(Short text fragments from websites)
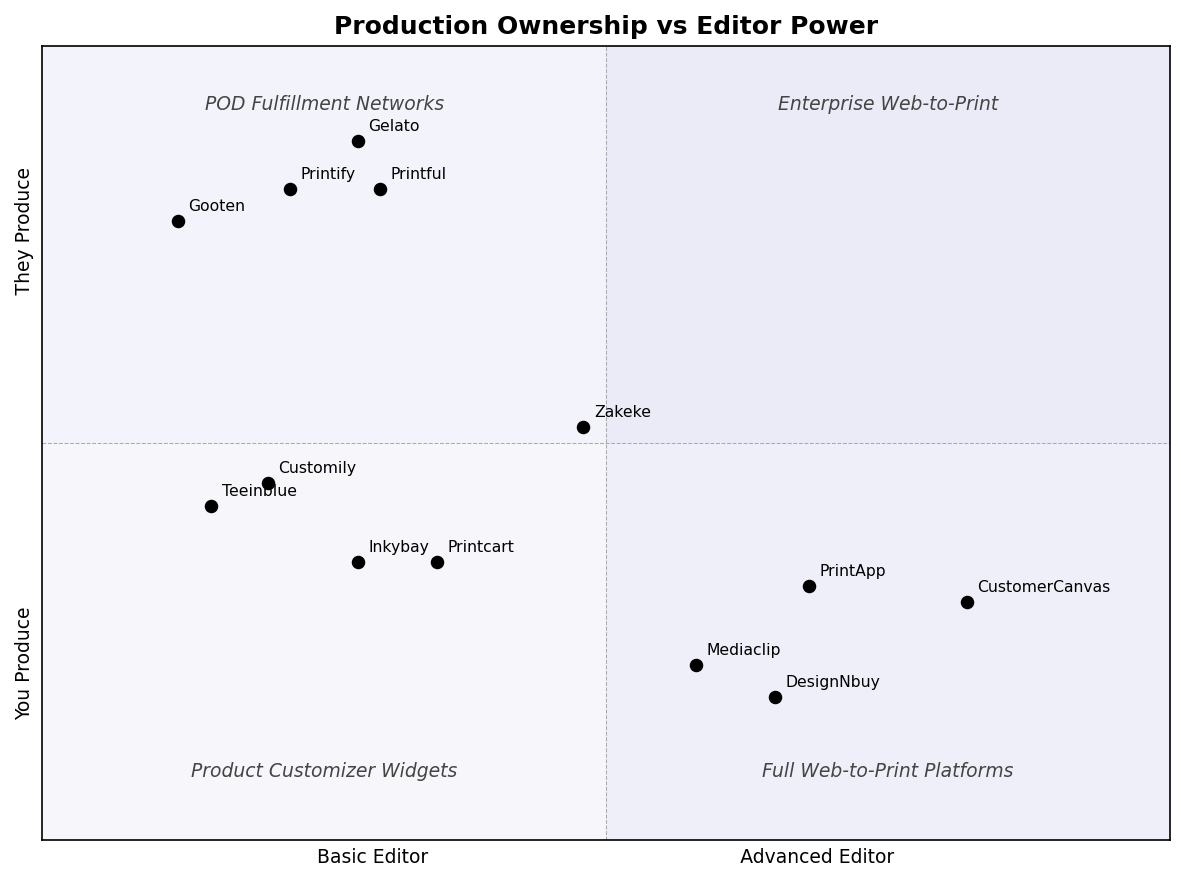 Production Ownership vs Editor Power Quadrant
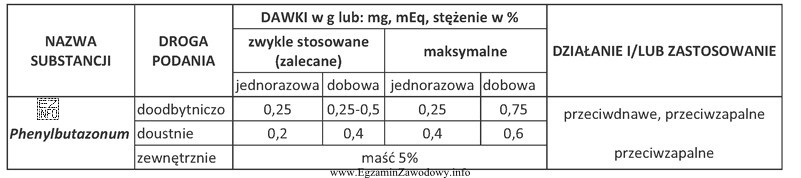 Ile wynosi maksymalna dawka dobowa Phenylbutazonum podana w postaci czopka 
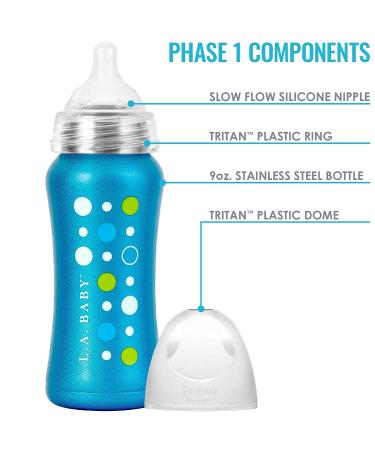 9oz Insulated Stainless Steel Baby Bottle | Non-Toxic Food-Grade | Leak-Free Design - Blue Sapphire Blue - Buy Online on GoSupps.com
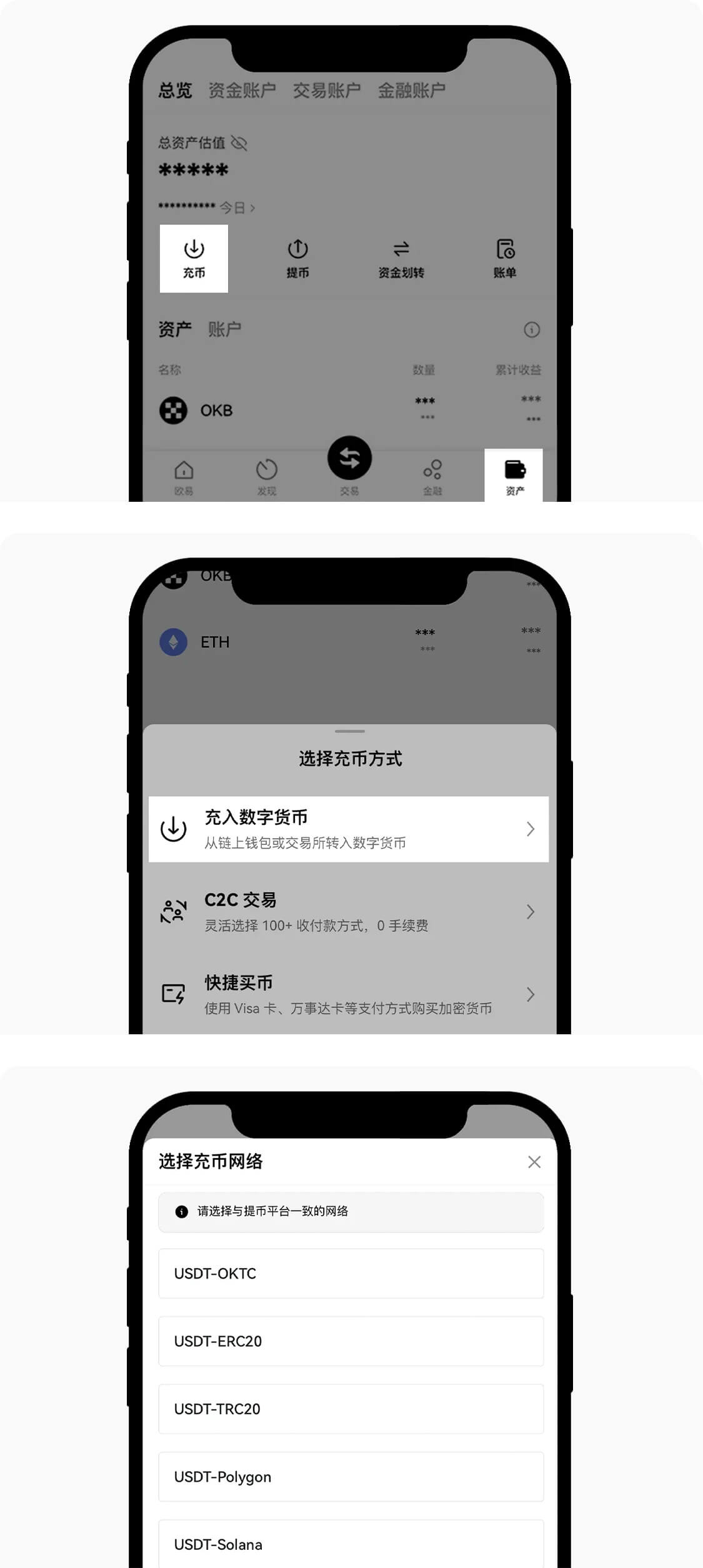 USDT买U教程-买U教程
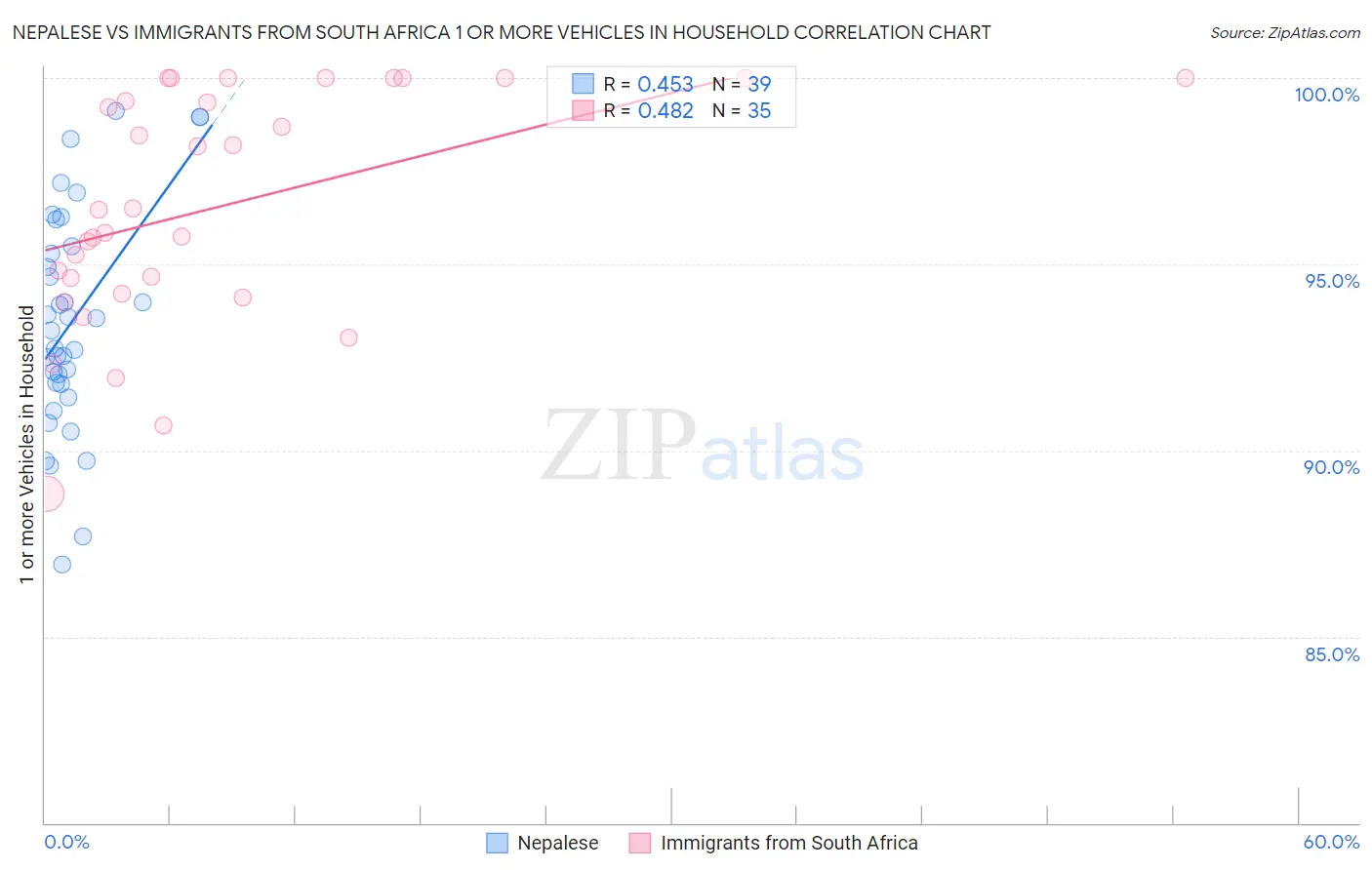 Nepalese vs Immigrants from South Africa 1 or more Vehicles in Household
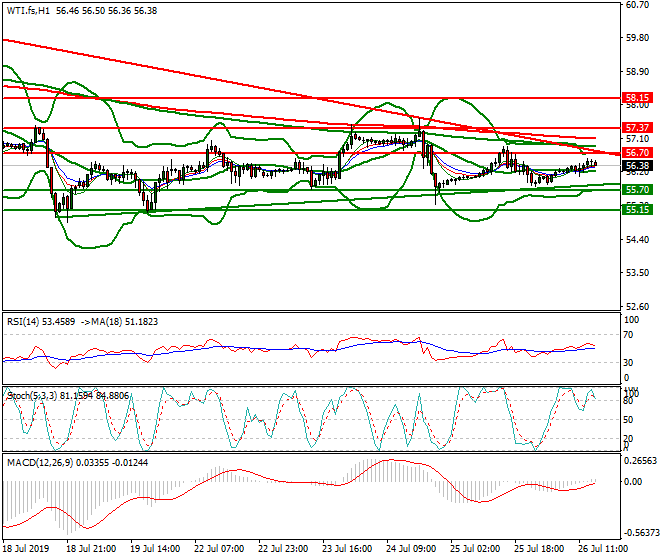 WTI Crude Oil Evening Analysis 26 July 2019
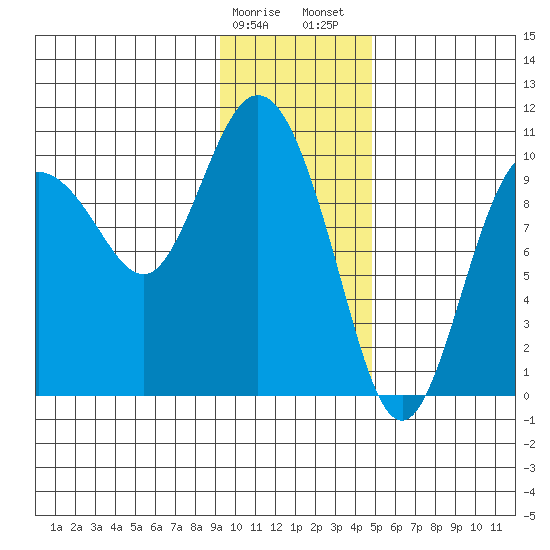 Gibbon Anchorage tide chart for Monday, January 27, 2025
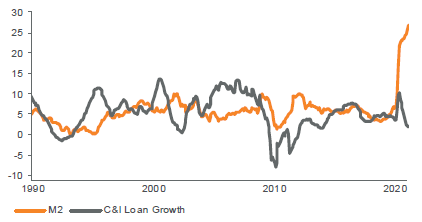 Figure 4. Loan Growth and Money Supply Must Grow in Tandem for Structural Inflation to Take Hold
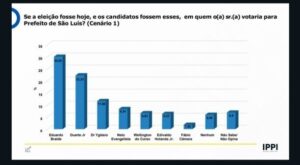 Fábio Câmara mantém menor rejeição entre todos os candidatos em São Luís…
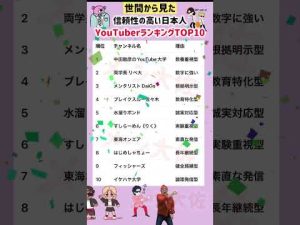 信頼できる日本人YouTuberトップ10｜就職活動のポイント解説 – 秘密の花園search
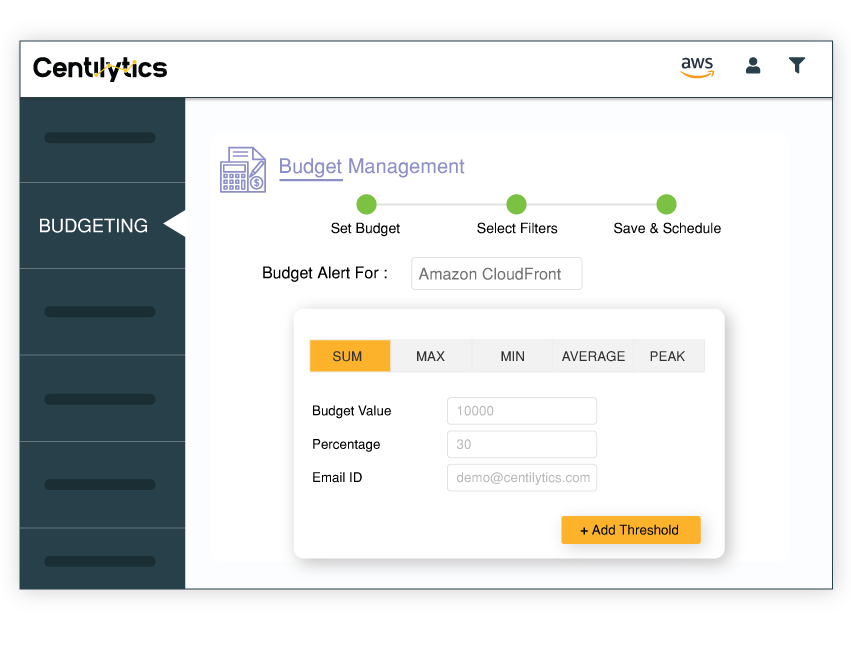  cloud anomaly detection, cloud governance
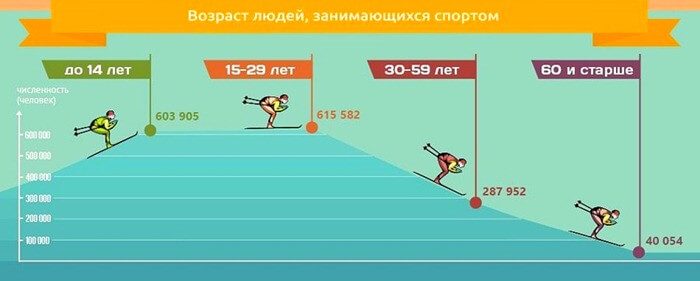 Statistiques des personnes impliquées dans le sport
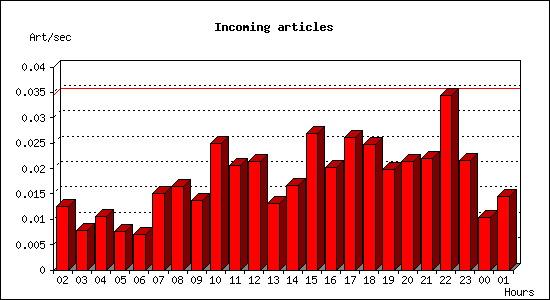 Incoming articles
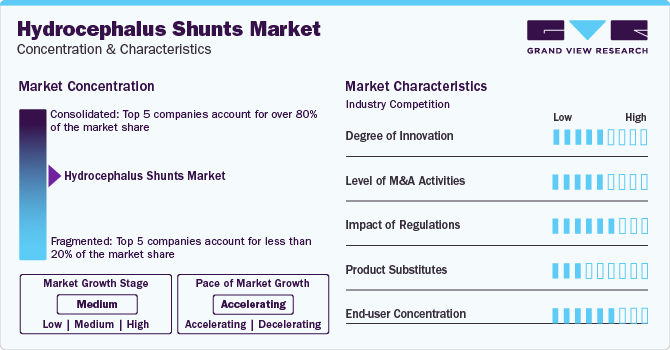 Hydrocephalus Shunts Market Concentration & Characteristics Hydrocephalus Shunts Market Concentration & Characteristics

WHAT THE EXERCISE ASKS
Your reply must hold only the lines from the line containing "Figure 4. Loan" through the end of the records above, written out exactly, both ends included, with no pictures, please.

EXERCISE OUTPUT
 Figure 4. Loan Growth and Money Supply Must Grow in Tandem for Structural Inflation to Take Hold
 Fábio Câmara mantém menor rejeição entre todos os candidatos em São Luís…
 信頼できる日本人YouTuberトップ10｜就職活動のポイント解説 – 秘密の花園search
  cloud anomaly detection, cloud governance
 Statistiques des personnes impliquées dans le sport
 Incoming articles
 Hydrocephalus Shunts Market Concentration & Characteristics Hydrocephalus Shunts Market Concentration & Characteristics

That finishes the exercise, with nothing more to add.